森朋之の「本日、フラゲ日!」vol.190
女王蜂、milet、大橋トリオ、ちゃんみな、緑黄色社会……豊かな表現力を備えた歌声に注目
前作『十』からわずか9カ月でリリースされる女王蜂のニューアルバム、デビュー1年で新世代の女性ボーカリストを代表する存在となったmiletのニューシングルなど5作品をピックアップ。豊かな表現力を備えたシンガーたちの新たな作品をじっくりと味わってほしい。
iTunesチャートで1位を獲得した前作『十』(2019年5月)からわずか9カ月で届けられた女王蜂のアルバム『BL』は、傷や穢れに溢れた過去の記憶、そして、官能と反徳、決して消えることがない憂いと共に生きる現在までを繋ぐ一大叙事詩。前作からのつながりも色濃く感じられ、女王蜂のクリエイティビティが(おそらくは結成以来、最高潮に)盛り上がっていることが実感できる。すべての中心を担うアヴちゃんの歌もすごい。生と性、運命と偶然を全身で引き受けながら、“自分らしさ“なんて言葉が吹き飛んでしまうほどの存在感を放ち、濃密にしてしなやかなグルーヴとともに聴く者の心と身体を揺らしまくるボーカルは、完全に唯一無二だ。トラップ、ロック、ファンク、民謡までを肉体的に結合させるサウンドも強烈。
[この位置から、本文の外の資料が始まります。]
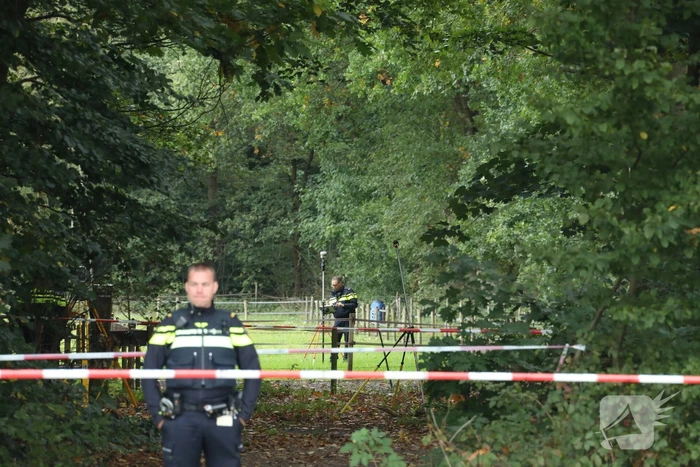 Groot onderzoek Anne Faber hervat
昨年3月に『inside you EP』でデビュー。エキゾチックな声質、壮大なスケール感を備えたボーカリゼーションによって、瞬く間に知名度を上げたmiletの5thEP『Prover / Tell me』。「Prover」は、オルタナR&B的なトラックのなかで、神聖な響きをたたえた旋律がゆったりと広がるミディアムチューン。曲が進むにつれて徐々に高揚感を増していき、“終わらない世界に立ち向かう“というメッセージを高らかに歌い上げている。「Tell me」はふくよかなキックを軸に、ストリングス、ピアノが絡み合うサウンド、そして、オーガニックなメロディが一つになったナンバー。EDMとフォークロアが融合した音像は、現在の世界的な潮流ともつながっている。表面的な派手さに頼らず、世界基準のトラックと歌の表現力で勝負を挑むスタンスも素晴らしい。
前作『THUNDERBIRD』に続き、良質のアナログサウンドを追求した大橋トリオのニューアルバム『This is music too』。タイトなバンドグルーヴを軸にした有機的なロックチューン「LOTUS」、70年代のソウルファンクを想起させる「ポラリス」など、生楽器を中心としたサウンドだからこそ良さが際立つ楽曲が並ぶ。豊かな中低域を活かしたボーカルも、キャリアを重ねるにつれて深みを増している。インタビューなどでは“自分の声に向いている曲には制限がある“という趣旨の発言をしているが、この声がないと成立しない曲が存在することも確か。緻密に構築されたコードワーク、洗練されたメロディ、そして、心地よい響きをたたえたボーカルが一つになった、タイムレスなポップスをゆったりと堪能してほしい。